Spiderland is the second and final studio album by the American rock band Slint. It was released on March 27, 1991, through Touch and Go Records. Featuring dramatically alternating dynamics and vocals ranging from spoken word to shouting, the album contains narrative lyrics that emphasize alienation. Spiderland was Slint's first release on Touch and Go, and the group's only album to feature Todd Brashear.

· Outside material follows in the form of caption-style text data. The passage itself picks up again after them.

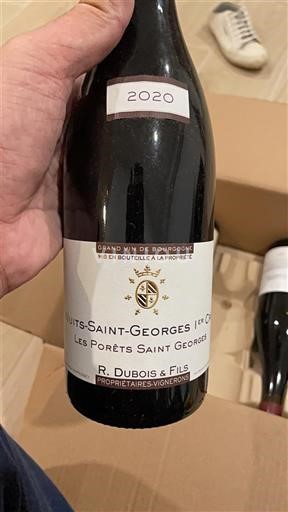 Burgundy Nuits-Saint-Georges Premier Cru R. Dubois & Fils Les Porêts Saint Georges 2020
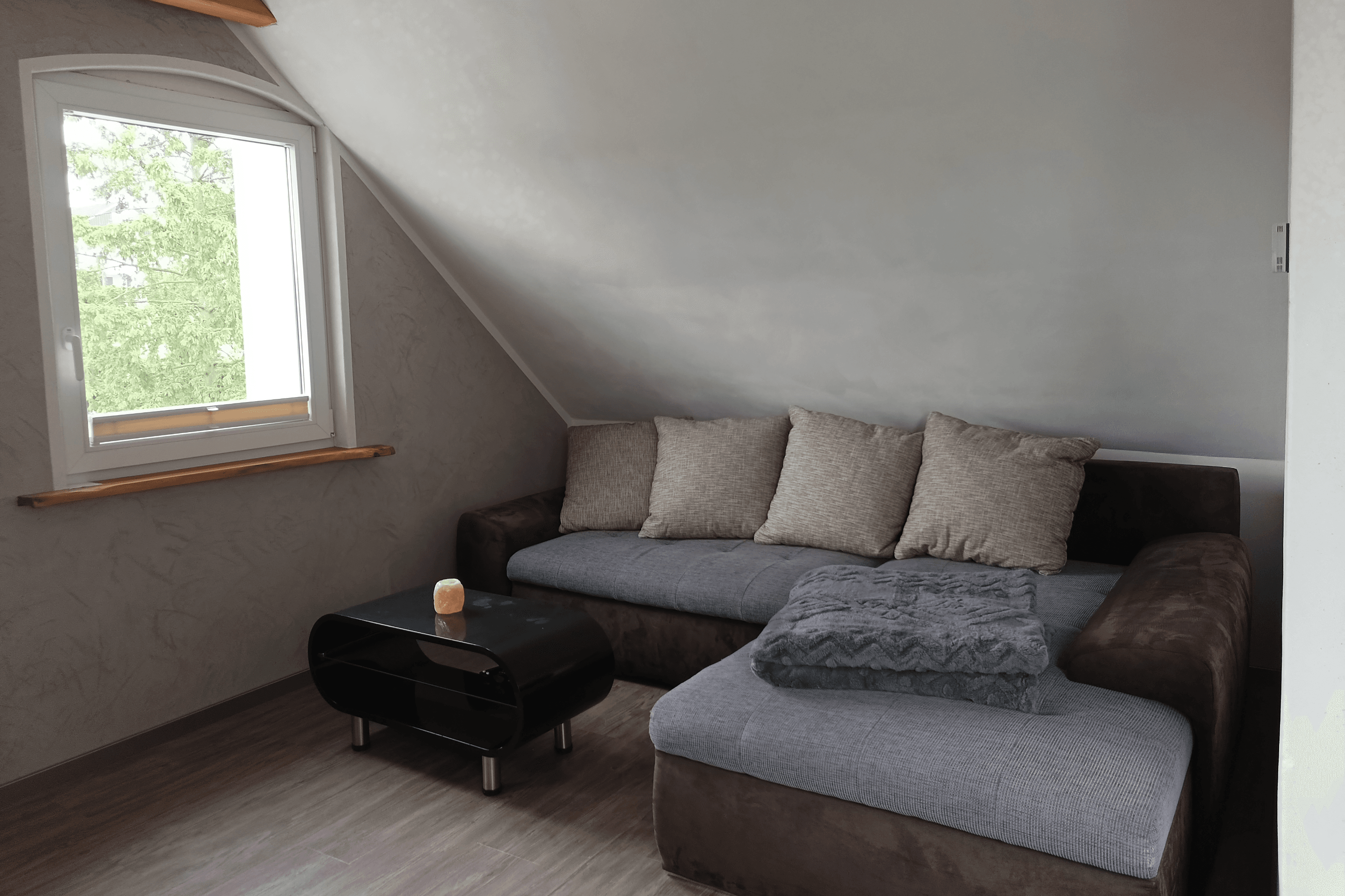 Wohnzimmer in der Ferienwohnung Allerblick in Celle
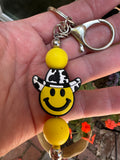 smiley face cowboy bead set - Its  Show Thyme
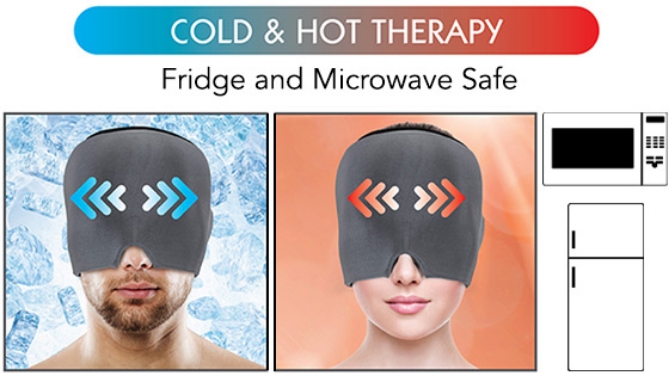 Picture 4 of Hot & Cold Therapy Cap For Migraine Relief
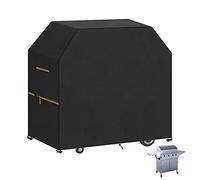 VANSHEIM Funda Impermeable para Barbacoa Funda Protectora Barbacoa Exterior Cubierta de Barbacoa Protectora,Resistente al Viento Tela Oxford para Weber,Char-Broil,Campingaz 147x71x117cm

Although Spiderland was not widely recognized on its initial release, it eventually sold more than 50,000 copies and became a landmark album in underground music after Slint broke up. The album has been highly influential on the styles of many bands in the post-rock and math rock genres, including Mogwai and Godspeed You! Black Emperor, and has been named a favorite of several indie rock musicians. In 2007, Slint reunited for a tour consisting of performances of Spiderland in its entirety.

Context

Slint formed in 1987 in Louisville, Kentucky, from the remnants of the punk rock band Squirrel Bait; the founding members included Brian McMahan (guitar, vocals), David Pajo (guitar), Britt Walford (drums) and Ethan Buckler (bass guitar). The band's debut album, the Steve Albini-produced Tweez, was released on the group's self-owned label Jennifer Hartman Records and Tapes.[1] The album's sound has been described as a combination of "scratchy guitars, thumping bass lines and hard hitting drums".[2] Buckler promptly left the band out of dissatisfaction with Albini's production, and was replaced with Todd Brashear.[3] The band's second recording was for the instrumental extended play Slint, which included a new version of "Rhoda" from Tweez. The EP, which would not be released until 1994, was a departure from Tweez's sound and reflected the band's new musical direction.[4]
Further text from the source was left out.